(HOW TO COMPLETE THIS TASK): Transcribe all the records exactly and omit any images they hold.

[INPUT DATA]

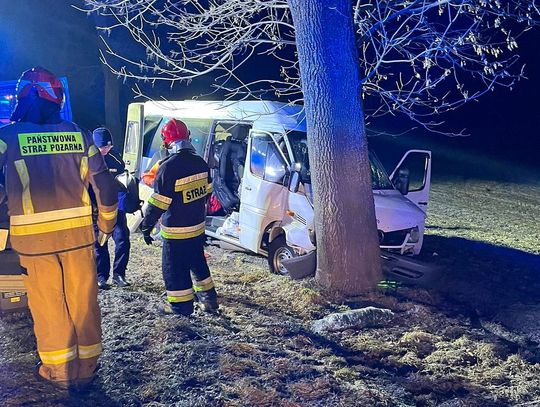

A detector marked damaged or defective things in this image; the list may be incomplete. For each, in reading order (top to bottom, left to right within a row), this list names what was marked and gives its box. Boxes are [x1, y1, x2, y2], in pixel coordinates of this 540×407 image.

crashed white van [124, 100, 432, 276]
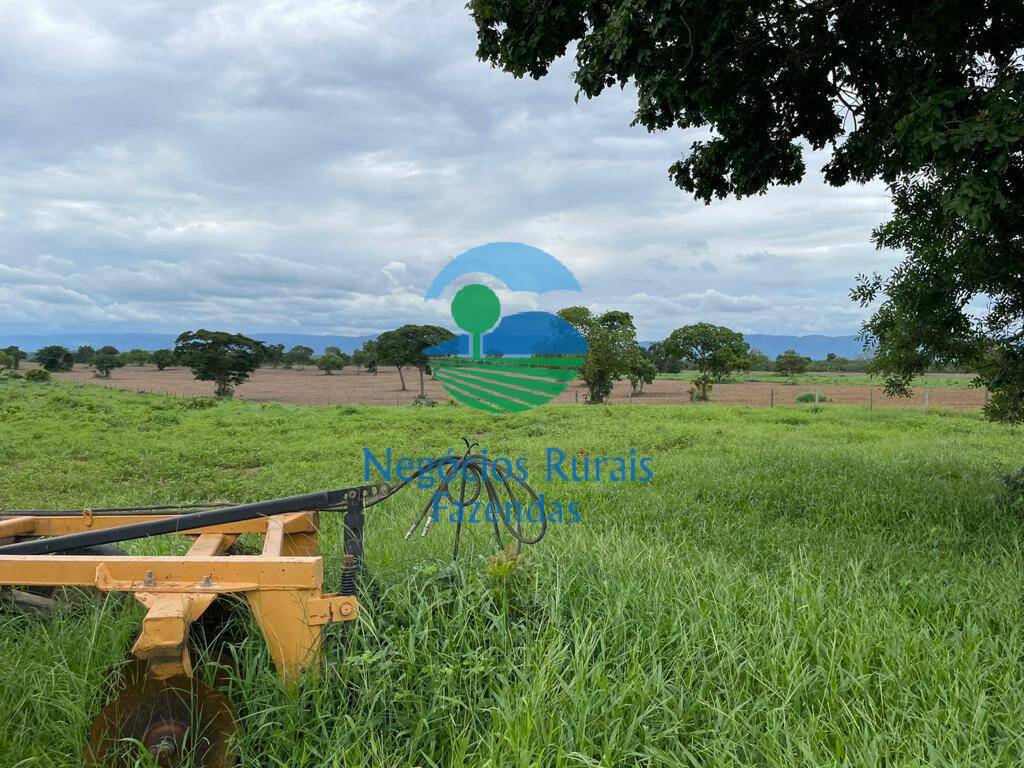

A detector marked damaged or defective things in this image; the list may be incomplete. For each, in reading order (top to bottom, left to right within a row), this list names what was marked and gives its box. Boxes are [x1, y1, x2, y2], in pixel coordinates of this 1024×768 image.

rusty metal disc [85, 663, 235, 765]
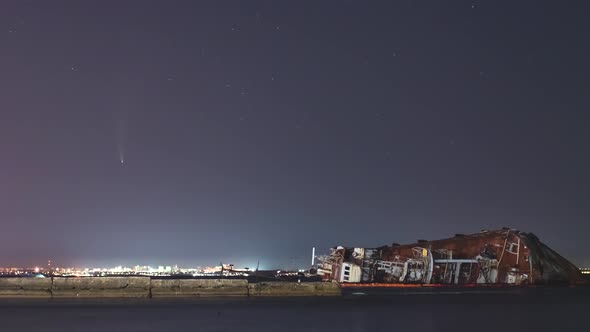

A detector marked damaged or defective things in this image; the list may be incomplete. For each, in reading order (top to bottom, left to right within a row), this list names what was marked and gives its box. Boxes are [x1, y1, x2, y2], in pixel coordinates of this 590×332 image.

rusted ship hull [316, 228, 584, 286]
wrecked tanker [316, 228, 584, 286]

[/INPUT DATA]

(EXERCISE OUTPUT):
A detector marked damaged or defective things in this image; the list may be incomplete. For each, in reading order (top to bottom, left to right within a row), this list names what was marked and gives its box. Boxes are [x1, y1, x2, y2], in pixel coordinates of this 540×407 image.

crashed white van [124, 100, 432, 276]

A detector marked damaged or defective things in this image; the list may be incomplete. For each, in reading order (top to bottom, left to right within a row), this list names what was marked and gives its box. Boxes are [x1, y1, x2, y2], in pixel coordinates of this 1024×768 image.

rusty metal disc [85, 663, 235, 765]

A detector marked damaged or defective things in this image; the list may be incomplete. For each, in reading order (top to bottom, left to right within a row), this list names what was marked and gives its box. Boxes are [x1, y1, x2, y2], in pixel coordinates of this 590×332 image.

rusted ship hull [316, 228, 584, 286]
wrecked tanker [316, 228, 584, 286]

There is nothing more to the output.